Come again? Too far in the past? This is baseball, not jousting. A book that’s not quite 100 years old, and that sums up the then-brief history of the game, is regarded as ancient? If you sift through the comments you’ll see that quite a few of McFarland’s readers are well-versed in the literary — and real — history of the game, and shouldn’t find Lardner’s work too outdated.
Even more puzzling is McFarland’s inclusion of “Eight Men Out,” W.P. Kinsella’s account of the Black Sox scandal that took place only a few years after Lardner’s book was published. “Eight Men Out” also was the basis for a popular movie with the same name directed by John Sayles, who pulls off a very good rendering of Lardner, then a baseball writer in Chicago.
So where is the cutoff point between “too far in the past” and the modern present? Is the former reserved for books that aren’t made into films? We are never offered an explanation from McFarland, who appeared to be looking for a quick way to wrap up his post.
I realize A.V. Club is geared toward young men — McFarland is a contributing editor who graduated from Northwestern in 2011 — but to pan “You Know Me Al” this way is to disrespect the game’s past.
Lardner’s “busher” chronicles tell us much about the game before and through the turn of the 20th century, through the conceited, crass persona of Jack Keefe. This wasn’t romanticizing the “pastime,” but incisive satire that skewered the common mythology that had already grown around the sport.
The Brothers Judd show the proper appreciation for Lardner’s work. Before most anyone else, and not long before the throwing of the 1919 World Series threatened to bring down the sport, Lardner demolished the pastoral odes of baseball’s earliest poets.

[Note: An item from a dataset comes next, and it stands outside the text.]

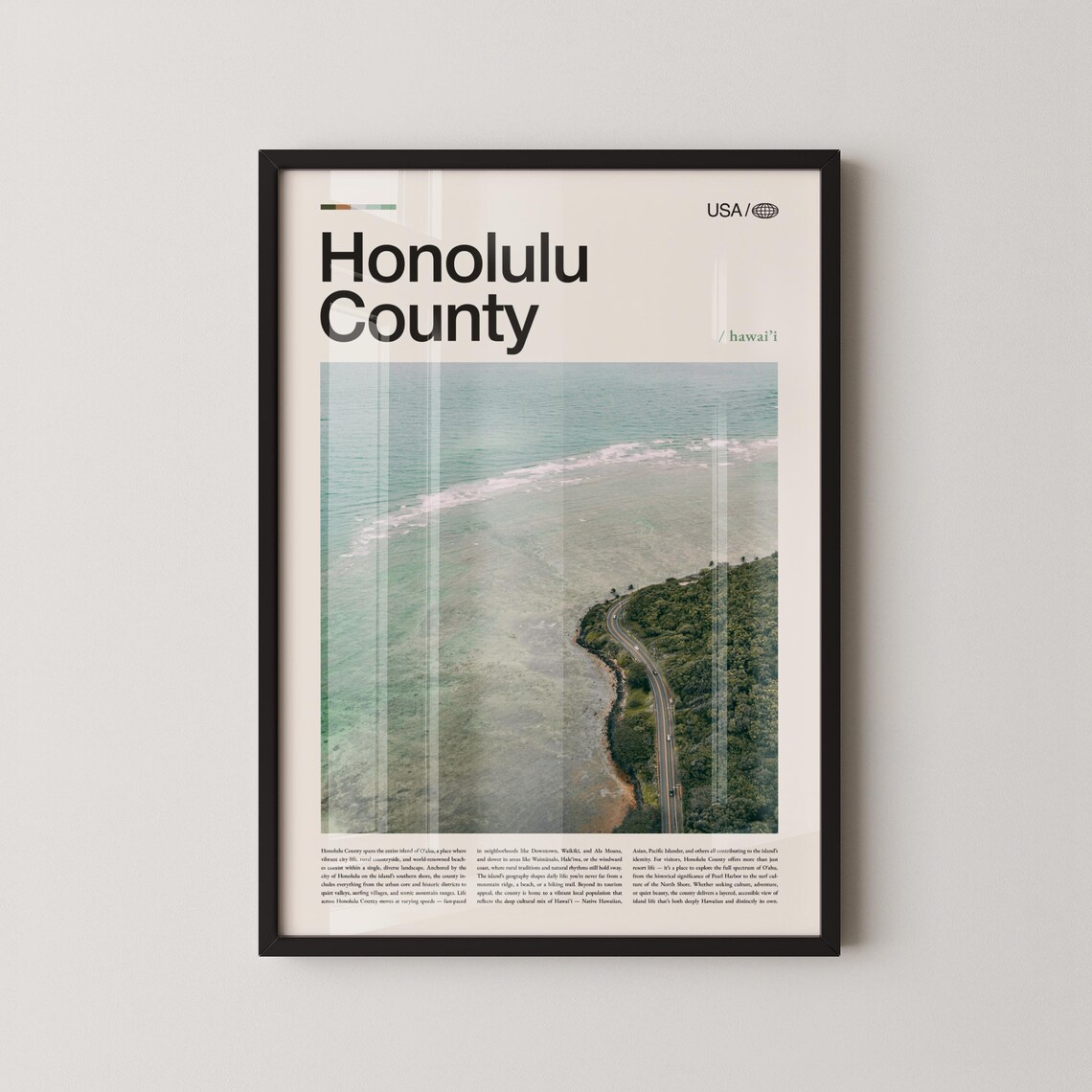 Honolulu County Hawaii Scenic Coastal Highway Aerial Travel Poster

Read this excerpt from “You Know Me Al” and tell me this particular letter from Keefe to “Al” isn’t prophetic about what was to come with the White Sox and their cheapskate owner, Charlie Comiskey:
“Speaking of money I won’t sign no contract unless I get the salary you and I talked of, three thousand dollars. You know what I was getting in Terre Haute, a hundred and fifty a month, and I know it’s going to cost me a lot more to live here. I made inquiries round here and find I can get board and room for eight dollars a week but I will be out of town half the time and will have to pay for my room when I am away or look up a new one when I come back. Then I will have to buy cloths to wear on the road in places like New York. When Comiskey comes back I will name him three thousand dollars as my lowest figure and I guess he will come through when he sees I am in ernest. I heard that Walsh was getting twice as much as that.
“The papers says Comiskey will be back here sometime to-morrow. He has been hunting with the president of the league so he ought to feel pretty good. But I don’t care how he feels. I am going to get a contract for three thousand and if he don’t want to give it to me he can do the other thing. You know me Al.”

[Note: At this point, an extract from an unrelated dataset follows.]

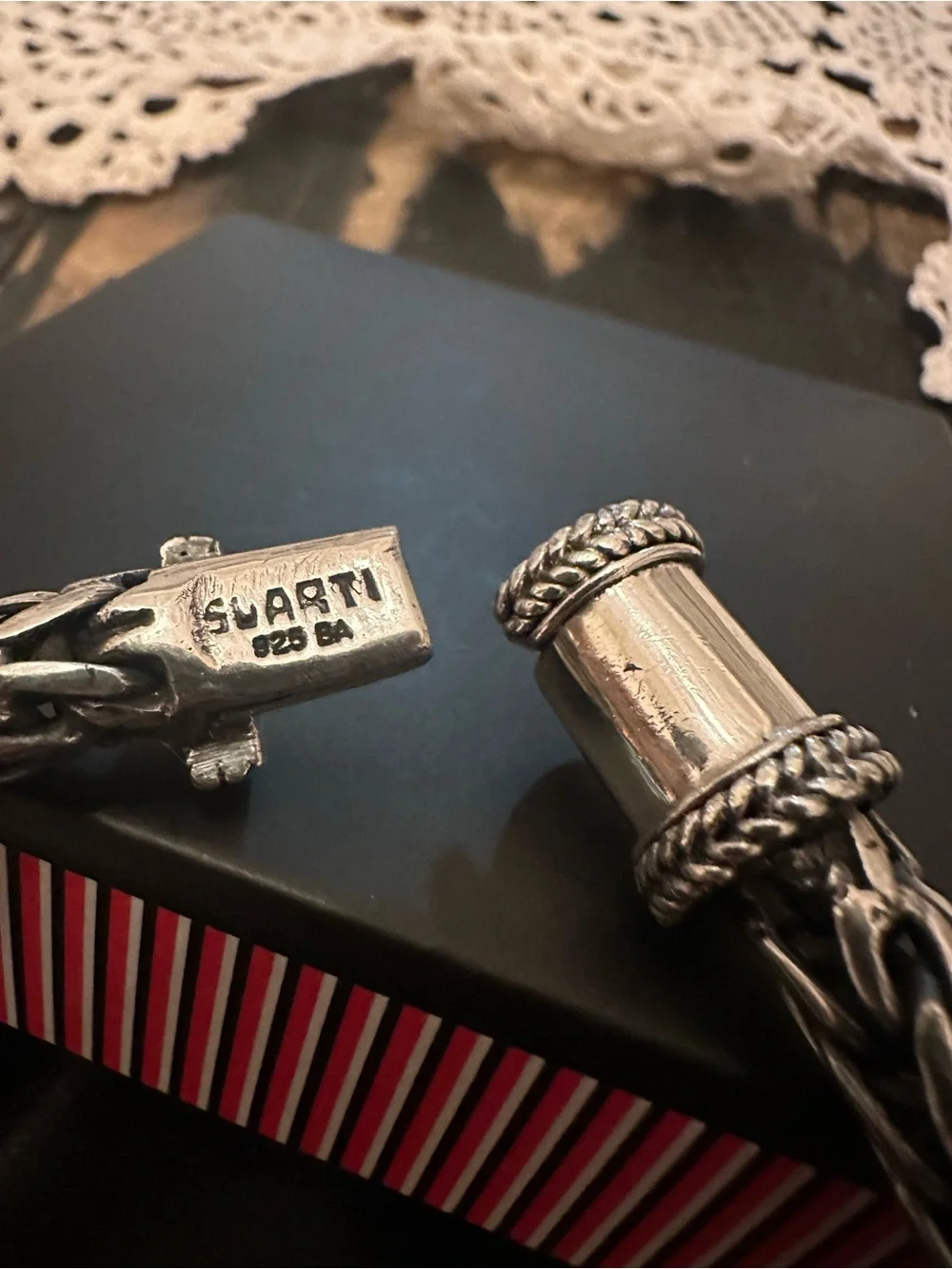 Men's Braided Sterling-Style Bracelet with Barrel Clasp - Silver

It’s not graceful Kinsellian prose, but Lardner’s savagery of the Jack Keefe character and the Lords of Baseball — greed meeting greed — went to the heart of what the author thought ailed the game, and he would be proven horrifically right. Lardner’s own short life was troubled by alcoholism and ill health, and he died long before his son and namesake, Ring Lardner Jr., made the Hollywood blacklist.
“You Know Me Al” isn’t hard to find — it’s in print, and readily available. If you’ve got a dollar in your bank account, you can even buy an e-book version in a flash.